Legal efforts to bar the former president from next year’s White House race are underway in several states on the grounds that he violated his oath of office by engaging in an insurrection — the January 6, 2021 attack on the US Capitol by his supporters.
The argument, which has legal scholars sharply divided, rests on an amendment to the Constitution ratified after the 1861-65 Civil War. Section 3 of the 14th Amendment bars anyone from holding public office if they engage in “insurrection or rebellion” after once having pledged to support and defend the Constitution. Ratified in 1868, the amendment was aimed at preventing supporters of the slave-holding Confederacy from being elected to Congress or from holding federal positions.
Citing the 14th Amendment, a group of voters in Minnesota petitioned the state supreme court to keep Trump off the ballot for the Republican presidential primary to be held in March and the presidential election to be held in November. The court flatly rejected the bid to keep Trump off the primary ballot. “There is no state statute that prohibits a major political party from placing on the presidential nomination primary ballot… a candidate who is ineligible to hold office,” Chief Justice Natalie Hudson said in a four-page order.

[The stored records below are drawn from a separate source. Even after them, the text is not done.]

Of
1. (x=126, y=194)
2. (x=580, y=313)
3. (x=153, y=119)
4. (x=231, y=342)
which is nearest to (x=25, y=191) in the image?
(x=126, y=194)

The court said it could consider the general election claim at a later date if Trump indeed ends up winning the Republican presidential nomination and another petition is filed. A Colorado court is currently hearing a similar lawsuit seeking to bar Trump from the election on 14th Amendment grounds. Whatever the outcome, the case is likely to end up before the US Supreme Court, where conservatives hold a 6-3 majority.
The 77-year-old Trump is to go on trial in Washington in March on federal charges of conspiring to overturn the results of the November 2020 election won by Democrat Joe Biden. He faces similar charges in a separate case in the southern state of Georgia. Trump was impeached for a second time by the House of Representatives after the attack on the Capitol — he was charged with inciting an insurrection — but was acquitted by the Senate.
Trump has hit back at the efforts to remove him from the presidential ballot, saying they have “no legal basis.” “Like Election Interference, it is just another ‘trick’ being used by the Radical Left Communists, Marxists, and Fascists, to again steal an Election,” he said in a post on his Truth Social platform.